• **REQUIRED WORK**: Here is the task for the listing below: output exactly the lines from the one containing "Item preview, Tomahawk" through the one containing "Werkstattmöbel Beta C45PRO", and leave out the pictures.

• **LISTED ENTRIES**:
+---+

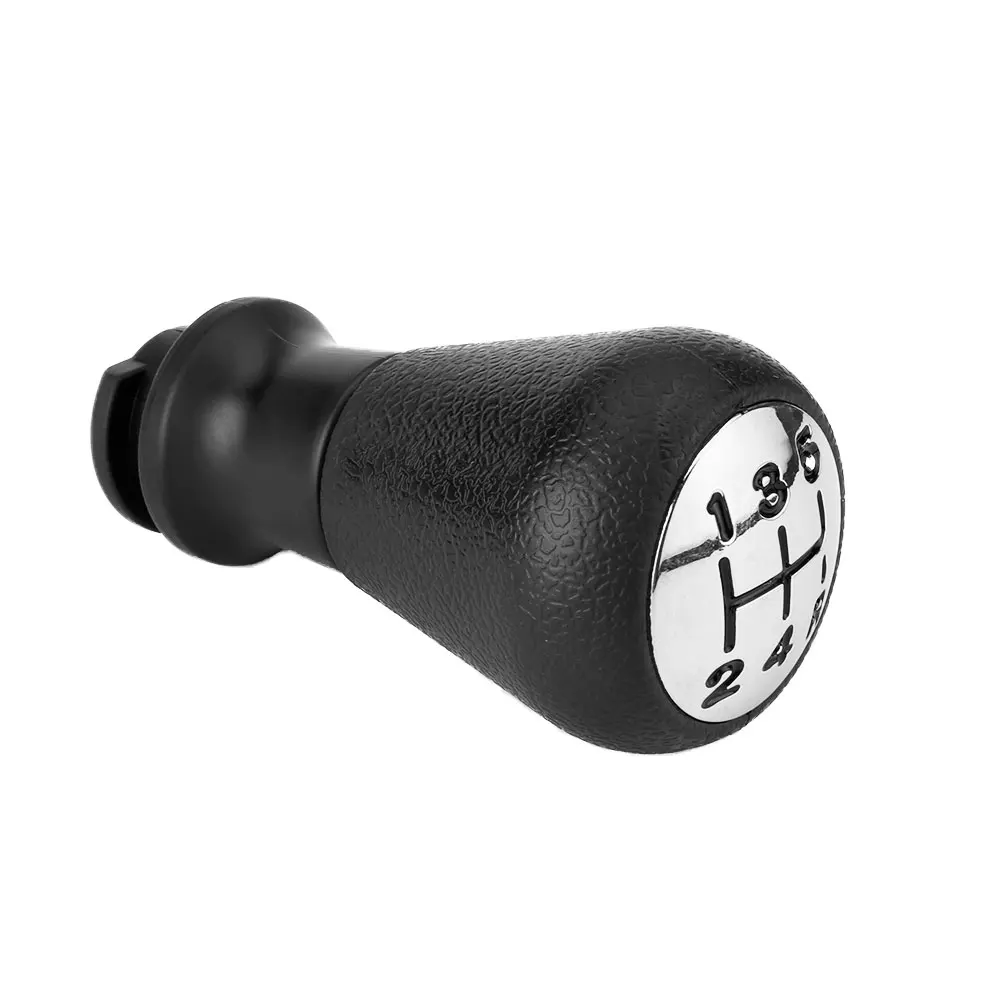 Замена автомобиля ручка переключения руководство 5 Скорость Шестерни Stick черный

+---+

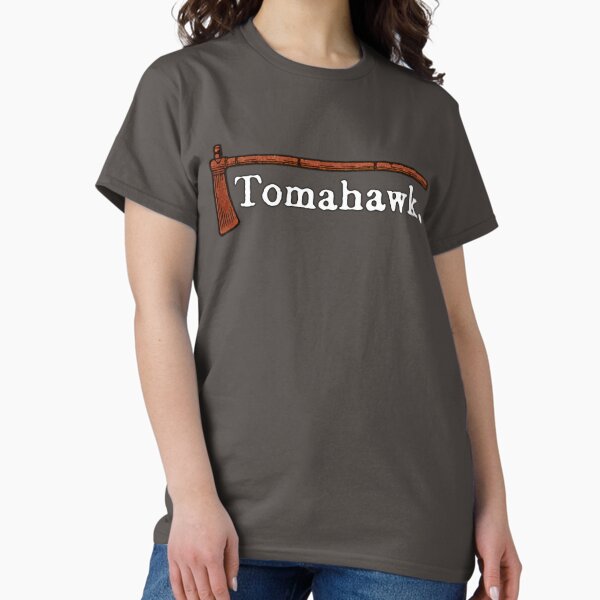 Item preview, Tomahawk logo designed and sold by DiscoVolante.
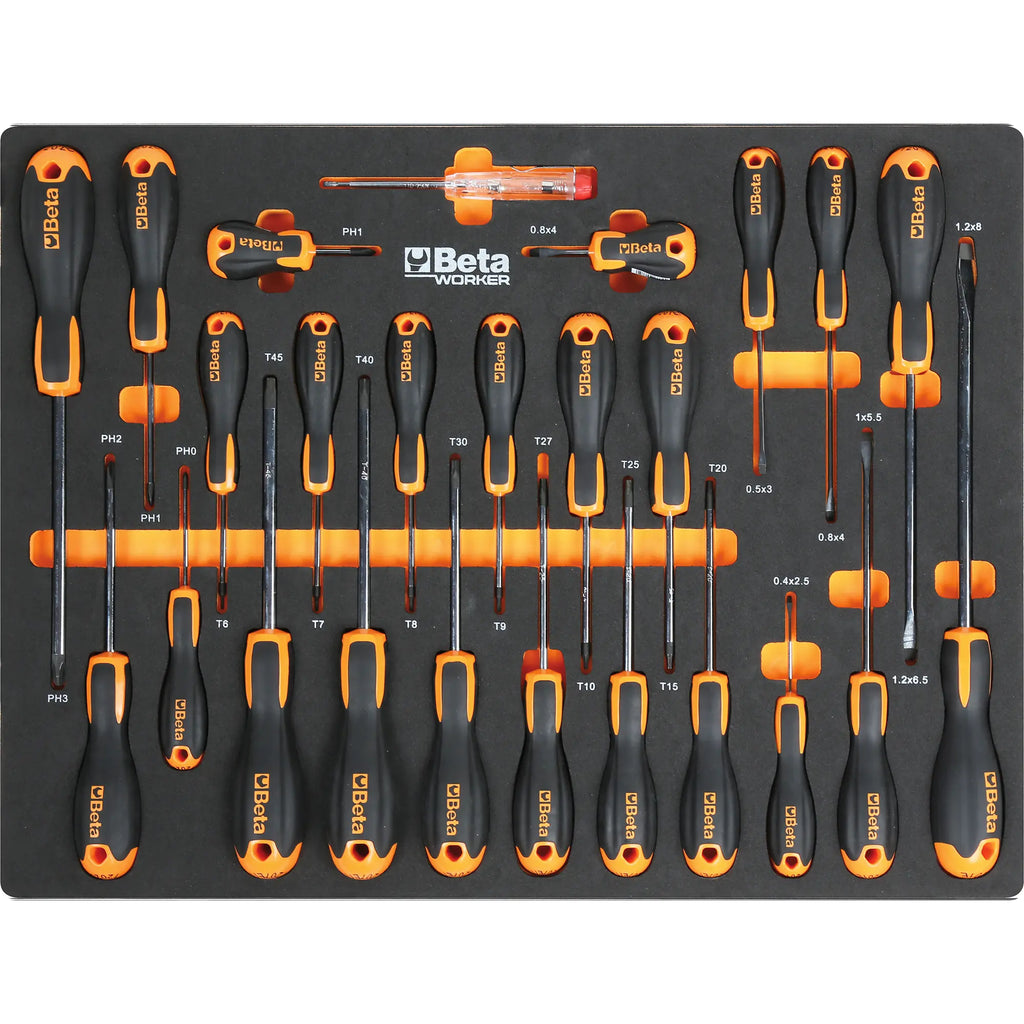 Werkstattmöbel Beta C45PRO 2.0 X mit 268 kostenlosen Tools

+---+

• **EXERCISE RESPONSE**:
 Item preview, Tomahawk logo designed and sold by DiscoVolante.
 Werkstattmöbel Beta C45PRO 2.0 X mit 268 kostenlosen Tools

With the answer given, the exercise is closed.